NEVER-THE-LESS
by Sean
Please note: MP3s are only kept online for a short time, and if this entry is from more than a couple of weeks ago, the music probably won't be available to download any more.


 

Photo from vivoshop's Etsy shop

Last week, Said the Gramophone played host to its first ever concerts. If you were there, you know how splendid they were. If you weren't, imagine the most splendid thing you can, and then multiply by a dozen roses. Our thanks go out hard & hearty to all the bands; to Hil, Dan, Patricia and Lisa at Pop; to Andrew Rose; to Matthew and Frank; to other Matthew for graphics; to sound-guys Christian, Drew and especially Dan Lagacé; and to everyone who showed their face for short or long whiles.

Christine Fellows - "What Makes the Cherry Red". On Wednesday night some of us gathered at a room called Le Gymnase, a place of wood and concrete and gold banding, and amid lamps and lamplight listened. There was a performance by Julie Doiron + drummer, bashful stories interrupted by bouts of furious playing, gnashing at notes, the bitter & the sweet. There was a show by Ola Podrida, all the way from Brooklyn, who made their weariness insistent. (A reminder that some of our fiercest feelings happen at the end of long days, when hopes are worn threadbare.) And there was first, flush, an hour with Christine Fellows and her friends.

Her new album, Nevertheless, is front-parlour and porcelain duck. That is to say it's a record about an elderly protagonist, or of her, or for her; an old woman called Betty who's still deeply alive, eyes wide open. Christine sings the woman's songs with deference, affection, and even a certain glee - a lightness that is often absent from this subject-matter.

But "What Makes the Cherry Red", set in the centre of Nevertheless, is not a song lodged in narrative. Instead it is a caesura, an interruption, a little breath. It is a moment where Christine takes us aside to say something vital and generous. She makes a string of assertions I desperately wish to be true, and makes them from a fabric of sound that is so beautiful it verges on the sublime; the sort of bloom and rise that'll shake you as you sit there, that'll prick tears in your eyes, that'll make you uncertain of where pretty becomes beautiful; that'll make you wonder again if perhaps a sunset can redeem a day.

Someone said that lately my posts here have been diary-like. And there's some truth to this; I've been talking to myself, writing things out loud. I've been wondering about love - love fierce, fickle, falling, flying, failing. I've been inspired and disappointed by it. It's Friday and in Montreal this week I feel a little jaded, a little grey; a little less than I was. So what I want is to sew "What Makes the Cherry Red" onto my every sleeve, to find it written on every mirror, to see it in clouds and on the bellies of birds, in a girl's eyes, in the bottom of a cup of coffee. I want to see and feel this song in places other than a recording; I want to see it in places where its promises become incontrovertible truths. I want to know it to be true, what Christine sings. That one day what makes the cherry red will tie a knot in me, and forgive us our decay.

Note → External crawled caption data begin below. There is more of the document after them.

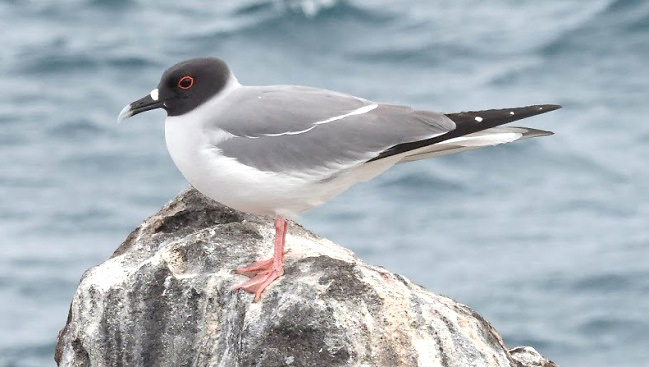 Photograph of Swallow-tailed Gull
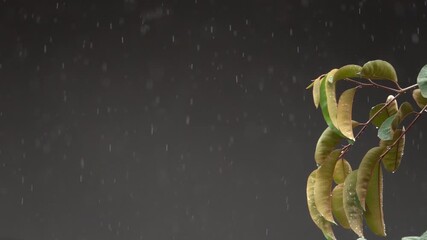 Wall Mural - A tree with leaves that are wet from the rain. The leaves are brown and the branches are drooping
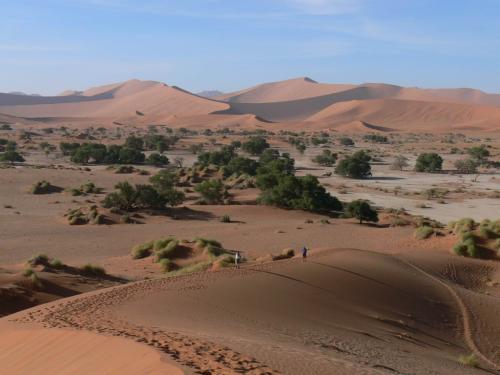 Namib-desert-Sossuslvei-Namibie-leden-2009-P1130214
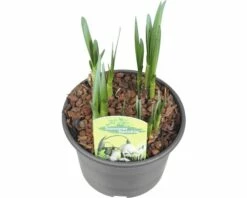 Sommer Knotenblume FloraSelf Leucojum Aestivum 'Summertwinkle' Ø 15 Cm Topf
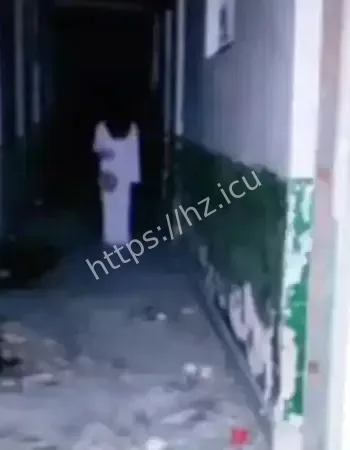 安徽高校现鬼箴言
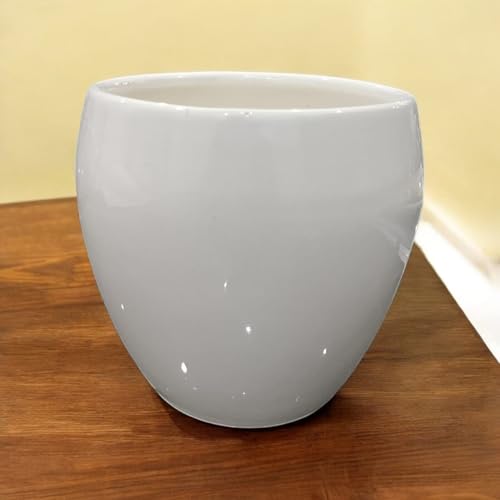 Image of Ceramic Planter Pot with Spiral Design, 17.78cm Height, White Planter Vase for Indoor Plants, Living Room Office Gardens (7 inch) Round (Apple Pot)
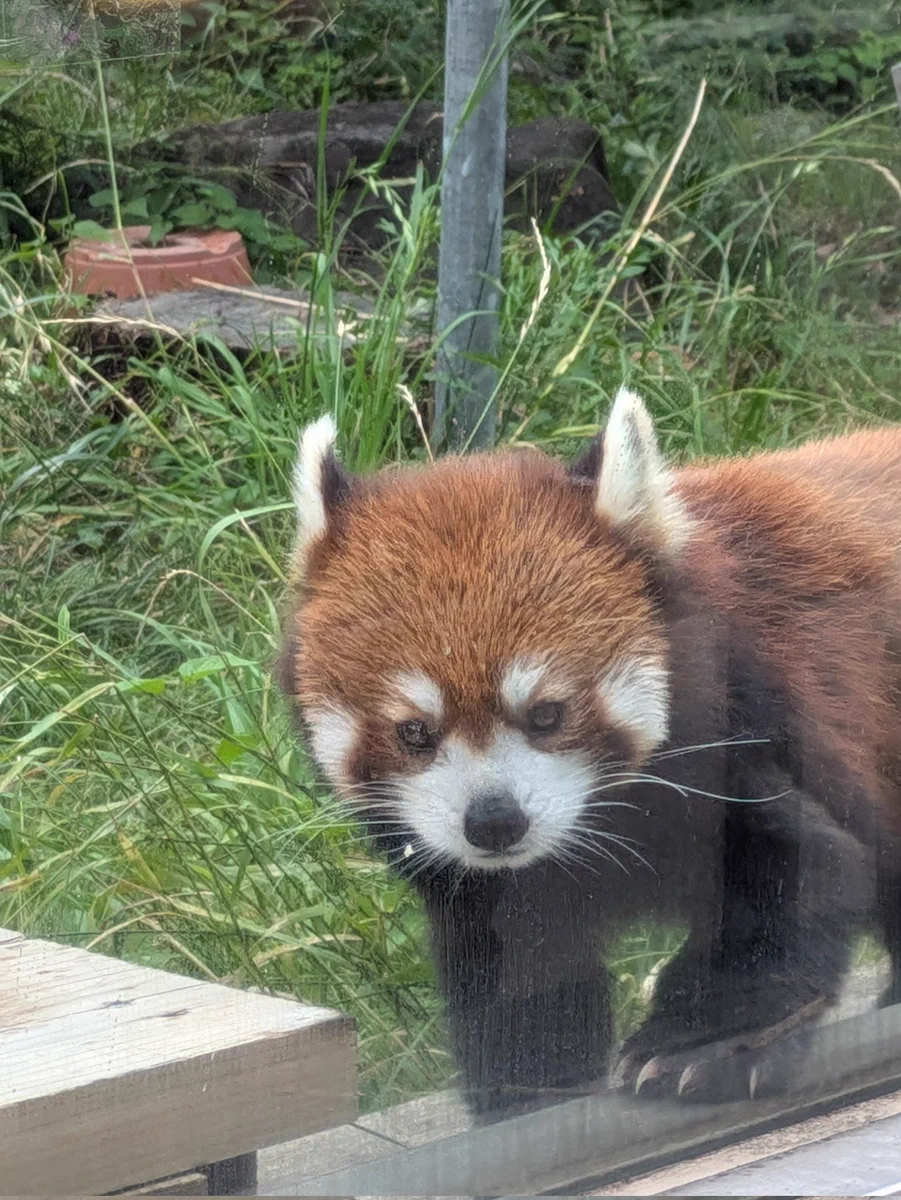 千葉市動物公園【公式】 on X: 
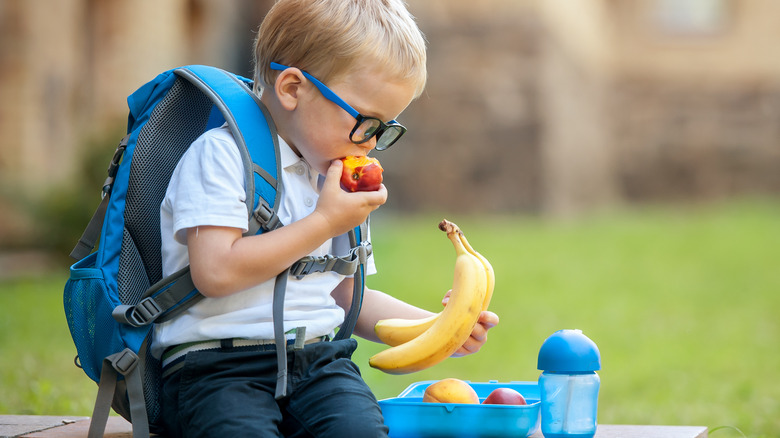 Child eating fruits for lunch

[Christine's MySpace / Nevertheless is released in early November on Six Shooter Records, and is available from her on tour.]

[This is too long, already. I will write about the other two concerts on Monday.]

---

As previously stated, our own Dan Beirne appears in the play Legend of the Barbarian, presently mounted at the Theatre Ste-Catherine in Montreal. I saw the play on Thursday night and it's just about the most fun you can have in a room with a concubine, a goblin, a blind seer, and a bunch of people wearing furs. It's ridiculous but even more absurdly it's fraught - all these barbarians and mercenaries caught up in genuine internal struggle, melodrama painted on the insides of peoples' kohl-rimmed eyes. It runs until the 20th, and includes one decapitation, two eye-gougings, and a generous quantity of loincloths. Go on!

---

[You can buy the cherries in the photograph above.]

Posted by Sean at October 12, 2007 8:00 AM
Comments

Thanks for putting on a great show.
I wish I could have made it for Christine Fellows' set. I would have still been at the Airport, probably looking for a taxi.
Julie Doiron was amazing though. The best thing I saw at Pop Montreal.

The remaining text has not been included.